Reputation: 12007
I have a directory structure that looks like:
main_directory/
directory1:
sub_directory1:
files:
myfile.txt
otherfile.txt
sub_directory2:
files:
myfile.txt
otherfile.txt
sub_directory3:
files:
myfile.txt
otherfile.txt
sub_directory4:
files:
myfile.txt
otherfile.txt
directory2:
sub_directory1:
files:
myfile.txt
otherfile.txt
sub_directory2:
files:
myfile.txt
otherfile.txt
sub_directory3:
files:
myfile.txt
otherfile.txt
sub_directory4:
files:
myfile.txt
otherfile.txt
I am trying to figure out (by trial and error because I'm not an expert at Linux) how to only gzip the myfile.txt
files in all the directories. Since they all have the same filename in different paths (there was no way around this), I need to be able to keep the files path in the archive as well.

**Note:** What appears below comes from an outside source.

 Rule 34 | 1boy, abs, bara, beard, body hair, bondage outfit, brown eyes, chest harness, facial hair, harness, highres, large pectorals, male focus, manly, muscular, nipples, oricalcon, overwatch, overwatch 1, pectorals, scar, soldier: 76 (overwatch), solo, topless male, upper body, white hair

So the final gzipped tar file I am looking to create would have the contents:
mytar.tar.gz
main_directory/directory1/sub_directory1/files/myfile.txt
main_directory/directory1/sub_directory2/files/myfile.txt
main_directory/directory1/sub_directory3/files/myfile.txt
main_directory/directory1/sub_directory4/files/myfile.txt
main_directory/directory2/sub_directory1/files/myfile.txt
main_directory/directory3/sub_directory2/files/myfile.txt
main_directory/directory4/sub_directory3/files/myfile.txt
main_directory/directory5/sub_directory4/files/myfile.txt
Is there a simple bash
way to do this? I suppose I could write a python
script to do it, but that seems overkill.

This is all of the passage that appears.